» EXERCISE:
Return nothing but the lines from the one with "Лоферы Cole Haan" through the one with "SMILODOX Trainingshose Tybrin in Beige" in the data below, word for word and without pictures.

» INPUT DATA:
+ + + + +

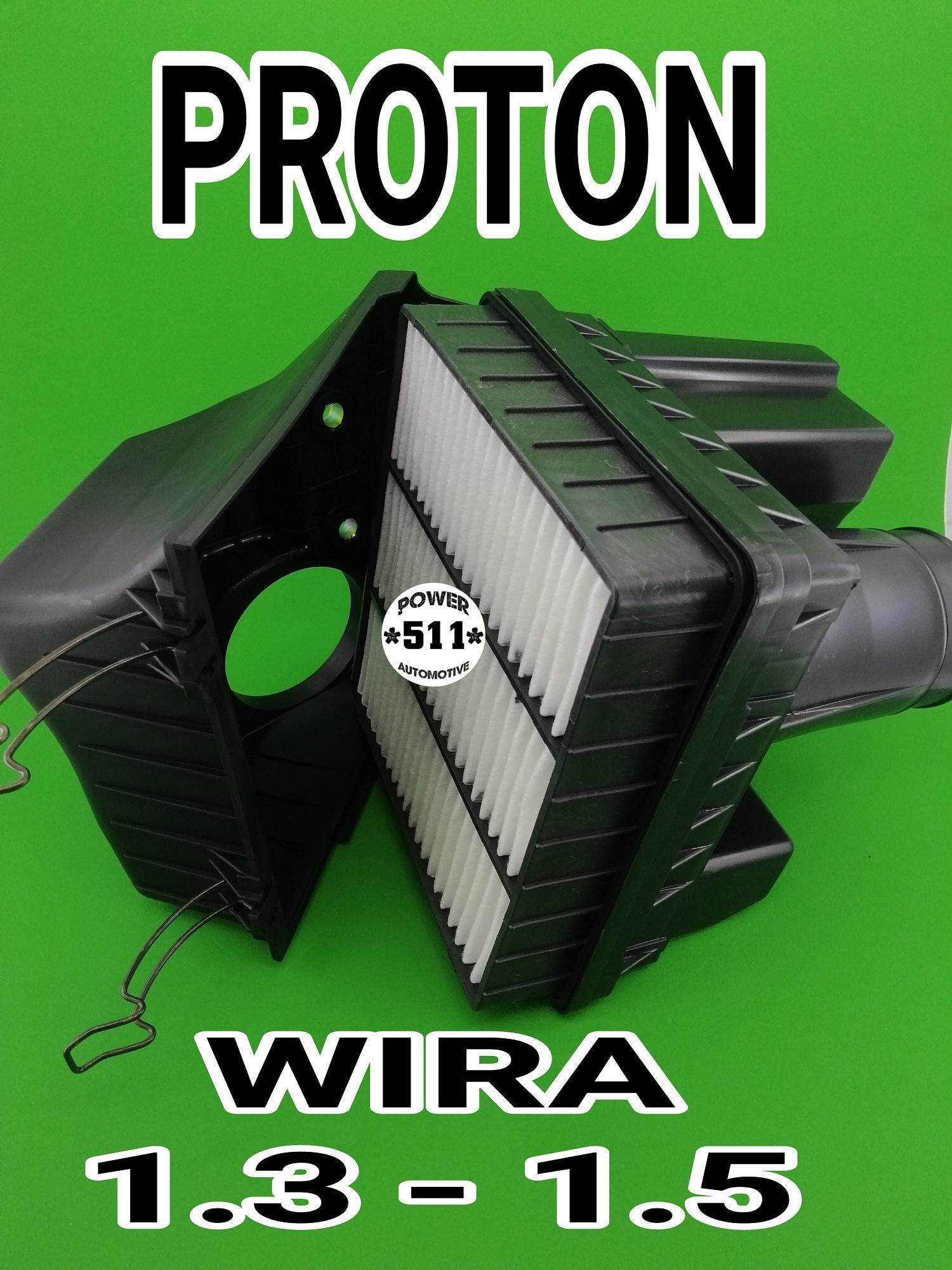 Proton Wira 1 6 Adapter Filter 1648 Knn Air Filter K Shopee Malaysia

+ + + + +

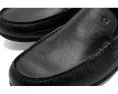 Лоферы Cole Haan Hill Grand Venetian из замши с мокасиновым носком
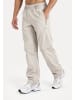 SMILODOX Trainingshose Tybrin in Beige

+ + + + +

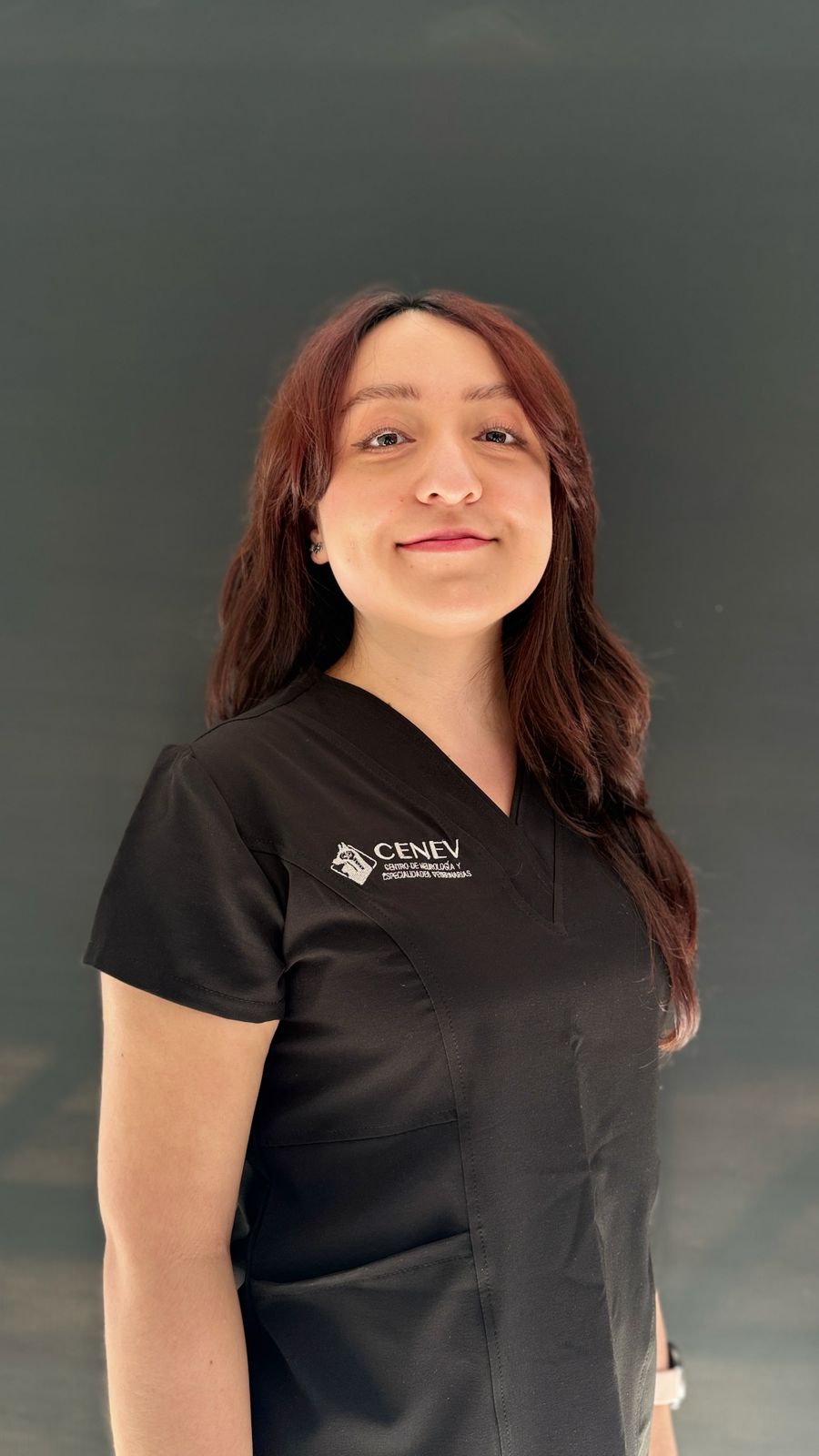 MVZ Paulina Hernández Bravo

+ + + + +

» EXERCISE ANSWER:
 Лоферы Cole Haan Hill Grand Venetian из замши с мокасиновым носком
 SMILODOX Trainingshose Tybrin in Beige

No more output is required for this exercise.